── Given data ──
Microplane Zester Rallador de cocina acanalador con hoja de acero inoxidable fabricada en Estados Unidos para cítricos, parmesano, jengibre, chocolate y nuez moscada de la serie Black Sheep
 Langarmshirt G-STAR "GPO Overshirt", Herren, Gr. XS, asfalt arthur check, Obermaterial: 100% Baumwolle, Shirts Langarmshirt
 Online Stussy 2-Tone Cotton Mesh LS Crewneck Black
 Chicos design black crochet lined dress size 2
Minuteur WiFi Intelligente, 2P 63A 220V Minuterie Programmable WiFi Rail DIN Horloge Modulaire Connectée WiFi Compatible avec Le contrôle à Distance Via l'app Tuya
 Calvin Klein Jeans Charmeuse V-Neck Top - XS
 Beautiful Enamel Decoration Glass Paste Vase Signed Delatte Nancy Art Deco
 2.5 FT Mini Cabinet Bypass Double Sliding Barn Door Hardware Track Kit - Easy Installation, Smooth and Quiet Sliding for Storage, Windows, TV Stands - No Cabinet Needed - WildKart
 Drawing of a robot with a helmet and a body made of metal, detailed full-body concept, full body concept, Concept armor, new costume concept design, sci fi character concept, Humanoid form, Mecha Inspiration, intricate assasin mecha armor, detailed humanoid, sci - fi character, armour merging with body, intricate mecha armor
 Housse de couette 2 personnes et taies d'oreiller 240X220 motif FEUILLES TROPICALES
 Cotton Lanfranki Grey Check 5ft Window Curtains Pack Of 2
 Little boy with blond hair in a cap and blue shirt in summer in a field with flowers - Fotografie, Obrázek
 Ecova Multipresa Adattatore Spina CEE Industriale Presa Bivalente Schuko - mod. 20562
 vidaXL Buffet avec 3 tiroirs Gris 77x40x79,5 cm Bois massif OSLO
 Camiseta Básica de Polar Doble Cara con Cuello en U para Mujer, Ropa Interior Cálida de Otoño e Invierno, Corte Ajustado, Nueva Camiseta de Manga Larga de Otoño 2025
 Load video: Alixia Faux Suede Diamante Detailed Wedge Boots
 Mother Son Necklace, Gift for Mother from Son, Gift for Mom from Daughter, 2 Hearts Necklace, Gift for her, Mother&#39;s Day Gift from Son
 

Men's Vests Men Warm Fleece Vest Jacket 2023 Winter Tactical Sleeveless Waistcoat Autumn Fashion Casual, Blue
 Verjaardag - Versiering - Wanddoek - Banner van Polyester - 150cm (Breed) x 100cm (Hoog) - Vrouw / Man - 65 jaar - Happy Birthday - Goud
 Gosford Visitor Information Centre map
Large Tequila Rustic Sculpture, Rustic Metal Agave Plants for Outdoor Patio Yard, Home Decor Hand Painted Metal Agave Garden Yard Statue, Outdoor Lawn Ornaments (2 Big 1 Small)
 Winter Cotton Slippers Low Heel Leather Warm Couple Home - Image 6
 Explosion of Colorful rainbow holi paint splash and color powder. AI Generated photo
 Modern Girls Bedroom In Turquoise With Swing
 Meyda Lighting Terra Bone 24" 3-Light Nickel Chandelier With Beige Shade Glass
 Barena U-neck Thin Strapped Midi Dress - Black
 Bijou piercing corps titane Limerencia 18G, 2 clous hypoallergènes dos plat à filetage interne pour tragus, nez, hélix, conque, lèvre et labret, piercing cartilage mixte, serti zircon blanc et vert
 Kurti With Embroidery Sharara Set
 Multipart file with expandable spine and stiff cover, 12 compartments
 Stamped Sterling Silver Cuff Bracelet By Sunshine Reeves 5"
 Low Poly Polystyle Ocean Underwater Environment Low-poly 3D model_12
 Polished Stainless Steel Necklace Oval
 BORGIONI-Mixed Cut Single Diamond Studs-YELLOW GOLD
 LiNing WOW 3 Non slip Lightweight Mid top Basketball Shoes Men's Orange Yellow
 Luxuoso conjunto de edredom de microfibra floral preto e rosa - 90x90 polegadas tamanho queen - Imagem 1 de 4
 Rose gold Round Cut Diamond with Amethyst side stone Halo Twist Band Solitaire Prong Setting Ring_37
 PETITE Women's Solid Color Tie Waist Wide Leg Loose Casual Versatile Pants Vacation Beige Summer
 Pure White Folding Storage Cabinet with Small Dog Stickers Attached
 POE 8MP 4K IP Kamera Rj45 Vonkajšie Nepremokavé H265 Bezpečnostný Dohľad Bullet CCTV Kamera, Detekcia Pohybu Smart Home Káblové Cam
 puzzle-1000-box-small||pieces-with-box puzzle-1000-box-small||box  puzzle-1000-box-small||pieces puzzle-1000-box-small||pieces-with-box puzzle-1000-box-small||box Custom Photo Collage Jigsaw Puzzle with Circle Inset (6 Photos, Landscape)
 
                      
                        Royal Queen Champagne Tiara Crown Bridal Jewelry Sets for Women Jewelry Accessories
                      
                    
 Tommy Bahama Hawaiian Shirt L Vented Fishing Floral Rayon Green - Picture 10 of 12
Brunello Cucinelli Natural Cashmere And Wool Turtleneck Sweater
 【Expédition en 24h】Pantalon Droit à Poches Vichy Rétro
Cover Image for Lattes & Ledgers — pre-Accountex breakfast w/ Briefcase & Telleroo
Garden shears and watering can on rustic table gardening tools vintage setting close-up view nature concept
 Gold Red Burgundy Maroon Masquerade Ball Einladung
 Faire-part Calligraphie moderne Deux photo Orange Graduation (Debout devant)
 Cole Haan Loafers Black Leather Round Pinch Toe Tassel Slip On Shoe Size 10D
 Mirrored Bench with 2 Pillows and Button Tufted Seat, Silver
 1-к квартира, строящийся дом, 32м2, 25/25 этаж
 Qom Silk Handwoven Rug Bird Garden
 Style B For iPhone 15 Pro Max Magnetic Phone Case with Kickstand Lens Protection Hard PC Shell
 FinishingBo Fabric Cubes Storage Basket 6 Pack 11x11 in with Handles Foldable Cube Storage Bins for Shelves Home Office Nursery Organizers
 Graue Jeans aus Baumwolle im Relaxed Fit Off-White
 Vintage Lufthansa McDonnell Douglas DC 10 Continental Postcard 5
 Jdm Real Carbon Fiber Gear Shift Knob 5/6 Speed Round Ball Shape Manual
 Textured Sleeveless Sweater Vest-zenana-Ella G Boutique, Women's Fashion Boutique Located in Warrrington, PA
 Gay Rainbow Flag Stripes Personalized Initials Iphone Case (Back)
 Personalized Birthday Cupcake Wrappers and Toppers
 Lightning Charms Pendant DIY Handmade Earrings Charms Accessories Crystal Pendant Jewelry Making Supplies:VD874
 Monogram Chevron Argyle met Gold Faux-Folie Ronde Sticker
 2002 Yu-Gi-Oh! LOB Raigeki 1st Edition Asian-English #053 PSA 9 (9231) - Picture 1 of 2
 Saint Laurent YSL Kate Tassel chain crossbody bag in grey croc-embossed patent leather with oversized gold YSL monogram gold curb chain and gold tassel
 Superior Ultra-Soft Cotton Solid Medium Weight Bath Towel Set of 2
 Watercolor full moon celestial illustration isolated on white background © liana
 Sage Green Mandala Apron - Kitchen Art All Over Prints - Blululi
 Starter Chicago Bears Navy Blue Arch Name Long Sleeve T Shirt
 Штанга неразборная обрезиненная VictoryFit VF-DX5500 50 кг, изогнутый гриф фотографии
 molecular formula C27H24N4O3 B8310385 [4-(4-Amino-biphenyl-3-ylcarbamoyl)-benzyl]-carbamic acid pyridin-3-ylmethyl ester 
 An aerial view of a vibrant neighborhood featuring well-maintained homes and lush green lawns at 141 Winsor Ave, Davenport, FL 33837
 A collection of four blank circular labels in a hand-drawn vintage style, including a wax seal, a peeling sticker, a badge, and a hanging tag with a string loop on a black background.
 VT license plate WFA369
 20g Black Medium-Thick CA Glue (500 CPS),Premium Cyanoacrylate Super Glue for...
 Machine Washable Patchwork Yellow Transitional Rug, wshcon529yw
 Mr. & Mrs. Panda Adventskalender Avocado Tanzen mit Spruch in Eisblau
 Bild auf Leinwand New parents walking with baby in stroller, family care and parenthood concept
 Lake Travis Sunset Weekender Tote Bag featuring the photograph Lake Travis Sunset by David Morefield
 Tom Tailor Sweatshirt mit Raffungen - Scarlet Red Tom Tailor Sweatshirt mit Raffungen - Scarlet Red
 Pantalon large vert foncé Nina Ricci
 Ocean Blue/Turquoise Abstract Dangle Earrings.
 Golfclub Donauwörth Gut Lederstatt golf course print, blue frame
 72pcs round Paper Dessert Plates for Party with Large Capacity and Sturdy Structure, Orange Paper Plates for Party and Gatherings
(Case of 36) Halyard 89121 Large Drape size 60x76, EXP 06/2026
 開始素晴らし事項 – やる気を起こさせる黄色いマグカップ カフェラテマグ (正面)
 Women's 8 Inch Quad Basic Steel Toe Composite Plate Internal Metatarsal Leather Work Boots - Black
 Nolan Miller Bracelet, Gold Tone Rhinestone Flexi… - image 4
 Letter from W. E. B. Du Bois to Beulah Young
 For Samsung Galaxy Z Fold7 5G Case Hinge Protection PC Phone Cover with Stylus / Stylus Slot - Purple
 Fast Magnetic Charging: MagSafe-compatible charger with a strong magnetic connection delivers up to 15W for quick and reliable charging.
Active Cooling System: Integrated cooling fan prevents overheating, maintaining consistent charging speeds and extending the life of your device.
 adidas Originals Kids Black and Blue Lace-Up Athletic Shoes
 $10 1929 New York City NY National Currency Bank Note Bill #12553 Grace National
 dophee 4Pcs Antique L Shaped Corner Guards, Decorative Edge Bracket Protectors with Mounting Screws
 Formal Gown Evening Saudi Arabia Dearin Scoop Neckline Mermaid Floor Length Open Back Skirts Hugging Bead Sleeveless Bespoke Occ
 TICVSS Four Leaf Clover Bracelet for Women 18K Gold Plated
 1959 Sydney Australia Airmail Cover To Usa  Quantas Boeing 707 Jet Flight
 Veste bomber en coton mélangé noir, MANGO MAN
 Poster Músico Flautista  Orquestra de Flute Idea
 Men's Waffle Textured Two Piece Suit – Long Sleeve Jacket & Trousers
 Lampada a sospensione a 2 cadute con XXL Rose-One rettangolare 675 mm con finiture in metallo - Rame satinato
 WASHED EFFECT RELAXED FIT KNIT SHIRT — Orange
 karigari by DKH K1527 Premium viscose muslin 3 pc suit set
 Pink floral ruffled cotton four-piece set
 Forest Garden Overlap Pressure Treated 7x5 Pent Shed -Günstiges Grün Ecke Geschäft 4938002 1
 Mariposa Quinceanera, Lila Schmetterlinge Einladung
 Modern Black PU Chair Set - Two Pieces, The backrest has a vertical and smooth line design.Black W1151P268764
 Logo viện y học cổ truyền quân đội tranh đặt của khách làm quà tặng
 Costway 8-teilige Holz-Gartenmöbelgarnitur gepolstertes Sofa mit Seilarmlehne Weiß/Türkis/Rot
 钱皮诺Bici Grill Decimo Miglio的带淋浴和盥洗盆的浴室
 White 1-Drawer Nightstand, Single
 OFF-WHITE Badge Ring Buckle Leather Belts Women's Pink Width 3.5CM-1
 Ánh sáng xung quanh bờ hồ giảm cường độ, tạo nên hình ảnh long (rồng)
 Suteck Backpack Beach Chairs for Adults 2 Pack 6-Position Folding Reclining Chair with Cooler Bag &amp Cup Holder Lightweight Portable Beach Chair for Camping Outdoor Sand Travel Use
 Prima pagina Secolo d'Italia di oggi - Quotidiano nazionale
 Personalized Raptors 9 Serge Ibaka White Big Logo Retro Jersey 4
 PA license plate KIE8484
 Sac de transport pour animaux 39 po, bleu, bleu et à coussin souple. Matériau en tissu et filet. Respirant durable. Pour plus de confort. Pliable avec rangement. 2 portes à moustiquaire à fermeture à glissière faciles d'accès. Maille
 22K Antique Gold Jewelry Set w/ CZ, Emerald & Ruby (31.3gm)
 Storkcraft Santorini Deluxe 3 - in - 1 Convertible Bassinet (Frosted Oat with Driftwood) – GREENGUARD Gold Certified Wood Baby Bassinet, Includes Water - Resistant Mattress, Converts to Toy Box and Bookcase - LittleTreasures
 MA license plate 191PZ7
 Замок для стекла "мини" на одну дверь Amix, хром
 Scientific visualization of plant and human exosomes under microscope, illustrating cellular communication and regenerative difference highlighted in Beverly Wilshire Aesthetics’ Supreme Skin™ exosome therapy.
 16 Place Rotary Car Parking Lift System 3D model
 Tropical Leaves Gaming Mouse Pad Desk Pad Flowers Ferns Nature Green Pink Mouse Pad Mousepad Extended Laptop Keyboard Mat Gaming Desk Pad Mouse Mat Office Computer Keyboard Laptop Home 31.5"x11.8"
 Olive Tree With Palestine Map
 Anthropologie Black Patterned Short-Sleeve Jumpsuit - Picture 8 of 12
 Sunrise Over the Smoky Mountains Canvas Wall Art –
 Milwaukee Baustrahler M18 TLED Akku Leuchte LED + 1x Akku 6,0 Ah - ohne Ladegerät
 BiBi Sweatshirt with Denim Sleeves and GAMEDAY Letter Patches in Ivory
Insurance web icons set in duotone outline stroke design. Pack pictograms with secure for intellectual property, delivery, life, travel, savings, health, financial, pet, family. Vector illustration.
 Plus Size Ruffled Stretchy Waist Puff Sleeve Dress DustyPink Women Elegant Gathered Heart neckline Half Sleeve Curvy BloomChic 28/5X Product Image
───
All lines in the listing above from the line containing "Garden shears and" to the line containing "Saint Laurent YSL", inclusive, should be retyped exactly; no other lines should appear.

Answer section:
Garden shears and watering can on rustic table gardening tools vintage setting close-up view nature concept
 Gold Red Burgundy Maroon Masquerade Ball Einladung
 Faire-part Calligraphie moderne Deux photo Orange Graduation (Debout devant)
 Cole Haan Loafers Black Leather Round Pinch Toe Tassel Slip On Shoe Size 10D
 Mirrored Bench with 2 Pillows and Button Tufted Seat, Silver
 1-к квартира, строящийся дом, 32м2, 25/25 этаж
 Qom Silk Handwoven Rug Bird Garden
 Style B For iPhone 15 Pro Max Magnetic Phone Case with Kickstand Lens Protection Hard PC Shell
 FinishingBo Fabric Cubes Storage Basket 6 Pack 11x11 in with Handles Foldable Cube Storage Bins for Shelves Home Office Nursery Organizers
 Graue Jeans aus Baumwolle im Relaxed Fit Off-White
 Vintage Lufthansa McDonnell Douglas DC 10 Continental Postcard 5
 Jdm Real Carbon Fiber Gear Shift Knob 5/6 Speed Round Ball Shape Manual
 Textured Sleeveless Sweater Vest-zenana-Ella G Boutique, Women's Fashion Boutique Located in Warrrington, PA
 Gay Rainbow Flag Stripes Personalized Initials Iphone Case (Back)
 Personalized Birthday Cupcake Wrappers and Toppers
 Lightning Charms Pendant DIY Handmade Earrings Charms Accessories Crystal Pendant Jewelry Making Supplies:VD874
 Monogram Chevron Argyle met Gold Faux-Folie Ronde Sticker
 2002 Yu-Gi-Oh! LOB Raigeki 1st Edition Asian-English #053 PSA 9 (9231) - Picture 1 of 2
 Saint Laurent YSL Kate Tassel chain crossbody bag in grey croc-embossed patent leather with oversized gold YSL monogram gold curb chain and gold tassel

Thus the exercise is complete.